Lo Herman H M, Wong Samuel Y S, Wong Janet Y H, Wong Simpson W L, Yeung Jerf W K
Department of Applied Social Sciences, City University of Hong Kong, Tat Chee Avenue, Kowloon, Hong Kong, SAR, China.
Division of Family Medicine and Primary Health Care, School of Public Health and Health Care, The Chinese University of Hong Kong, Hong Kong, SAR, China.
BMC Psychiatry. 2016 Mar 15;16:65. doi: 10.1186/s12888-016-0773-1.
About 4 % of children in Hong Kong have attention deficit hyperactivity disorder (ADHD). The parents of children with ADHD report higher levels of stress and show more negative parenting behavior. Medication and behavior training are evidence-based treatments, but both show significant limitations. In short, medical treatment is not suitable for preschool children and would suppress growth, whereas parents under stress may not be capable of consistently applying behavior management skills. Mindfulness training can improve attention and facilitate cognitive development and overall functioning. It has been widely adopted as a treatment option in health care, but its application in a family context is limited. In this context, a family-based mindfulness intervention (FBMI) has been developed to promote the attention and mental health of children with attention symptoms and to reduce the stress experienced by their parents. This article describes the design and conduct of the trial.
METHODS/DESIGN: A multicenter, 8-week, waitlist, randomized controlled trial of FBMI is currently being conducted in Hong Kong (from mid-2015 to mid-2016). Its effectiveness will be examined by comparing the participants who receive treatment to those in a waitlist control group. The study population consists of one hundred twenty children with ADHD, or with symptoms of inattention and hyperactivity, between 5 and 7 years of age and their parents. To be included in the study, the children are required to meet or exceed the borderline cutoff score of the Chinese version of the Strengths and Weaknesses of ADHD Symptoms and Normal Behaviors Rating Scale (SWAN-C). The primary outcome measures are the children's ADHD symptoms and behavior and the parents' stress. The secondary outcome measures include the children's overall behavioral problems and performance on the Attention Network Test, the parents' ADHD symptoms, the parents' mindful parenting scores, and heart rate variability of parents.
This study is probably the first randomized controlled trial of FBMI for young children and their caregivers.
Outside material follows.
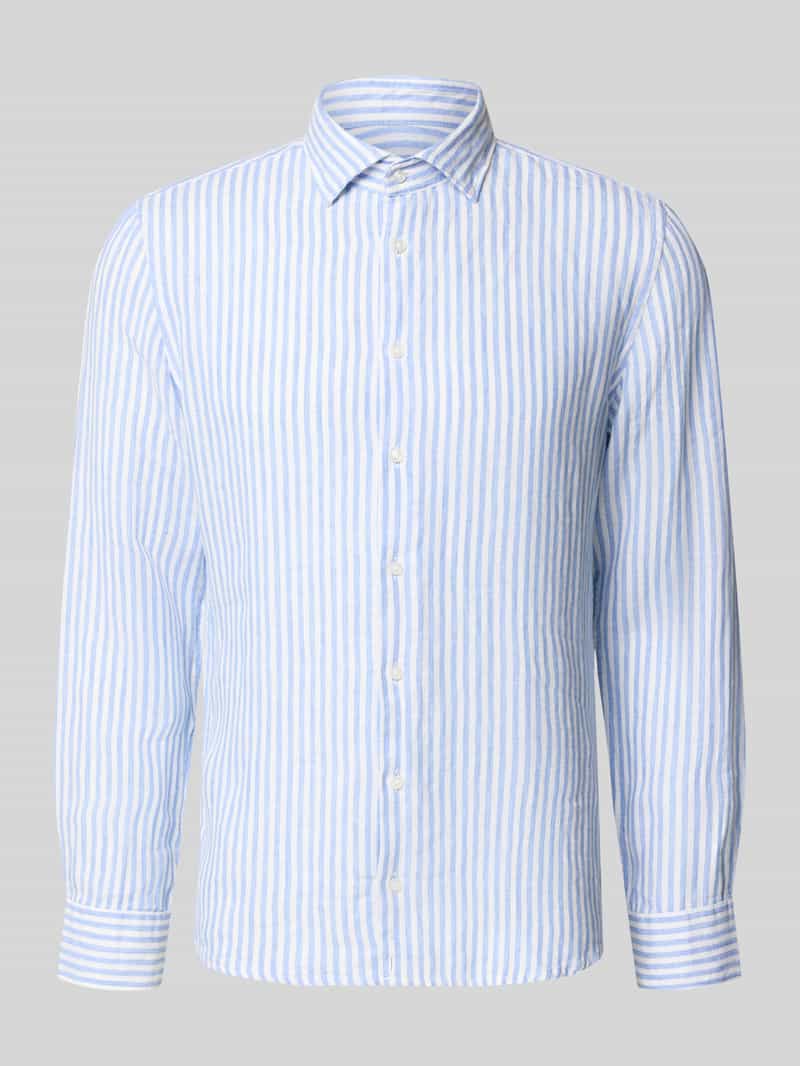 Koszula o kroju slim fit biznes z kołnierzykiem typu kent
A rigorous design and multiple outcome measures are used to examine the effectiveness of FBMI. If the hypotheses are confirmed, FBMI may serve as an additional treatment option for children with ADHD.
This study is registered with the Chinese Clinical Trial Registry (reference number: ChiCTR-IOR-15007292 ). Registered 28 October 2015.
香港约4%的儿童患有注意力缺陷多动障碍(ADHD)。ADHD儿童的父母报告称压力水平更高,且表现出更多负面的育儿行为。药物治疗和行为训练是循证治疗方法,但两者都存在明显局限性。简而言之,药物治疗不适用于学龄前儿童,且会抑制生长,而处于压力下的父母可能无法持续应用行为管理技巧。正念训练可以提高注意力,促进认知发展和整体功能。它已被广泛用作医疗保健中的一种治疗选择,但其在家庭环境中的应用有限。在此背景下,已开发出一种基于家庭的正念干预(FBMI),以促进有注意力症状儿童的注意力和心理健康,并减轻其父母所经历的压力。本文描述了该试验的设计与实施。
方法/设计:目前正在香港进行一项多中心、为期8周、等候名单、随机对照的FBMI试验(从2015年年中至2016年年中)。将通过比较接受治疗的参与者与等候名单对照组的参与者来检验其有效性。研究人群包括120名5至7岁患有ADHD或有注意力不集中和多动症状的儿童及其父母。要纳入该研究,儿童需达到或超过中文版ADHD症状与正常行为优势与劣势评定量表(SWAN-C)的临界分数。主要结局指标是儿童的ADHD症状和行为以及父母的压力。次要结局指标包括儿童的整体行为问题和注意力网络测试表现、父母的ADHD症状、父母的正念育儿得分以及父母的心率变异性。
本研究可能是第一项针对幼儿及其照顾者的FBMI随机对照试验。采用了严谨的设计和多种结局指标来检验FBMI的有效性。如果假设得到证实,FBMI可能成为ADHD儿童的另一种治疗选择。
本研究已在中国临床试验注册中心注册(注册号:ChiCTR-IOR-15007292)。于2015年10月28日注册。